Designing sustainable spaces that take into consideration climate, sun movement, and construction materials doesn’t require expensive software. The HEED (Home Energy Efficient Design) website developed by a UCLA research team headed by Murray Milne, a research professor in the school’s department of architecture and urban design, is a free resource that allows anyone to design a sustainable home and find out how much money and energy they will save with each design change.

At the site are: links to a HEED download page, EnergyPlus weather data from the Department of Energy, frequently asked questions, design suggestions, and a tutorial.

Enter a home’s square footage, number of stories, type (apartment, rowhouse, etc.), and location, and HEED automatically creates two homes so you have one with which to compare changes. The base house meets California’s energy code, which is as stringent or tougher than any code in the U.S. You can, however, change it to your own state code, and you can create up to nine design schemes. “The idea,” Milne says, “is to keep trying things to make the house better.”
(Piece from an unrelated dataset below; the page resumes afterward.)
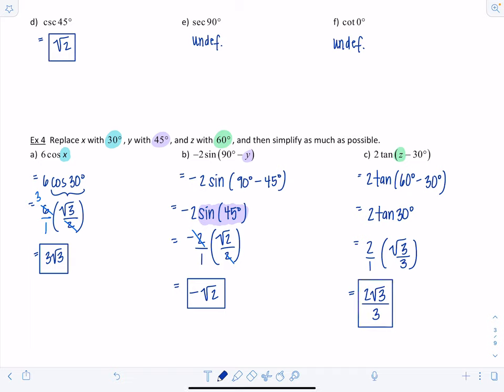That concludes the lesson. Coming up next, you finally get to use your calculator, covering trigonometric functions of an acute angle.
In the floor planner, you can rotate the home and explore door, window, roofing, ventilation, insulation, heating, cooling, appliance, and operable shading options. There’s also a payback analysis tool that calculates annual energy costs against construction costs.

HEED is easy to install on a PC or a Mac. Setup takes a little time, but the site is easy to use. Although there’s no help desk, if you send the HEED team an e-mail, you’ll get a prompt response. To see all of UCLA’s energy design tools, go to www.energy-design-tools.aud.ucla.edu.

—Stacey Freed, senior editor, REMODELING.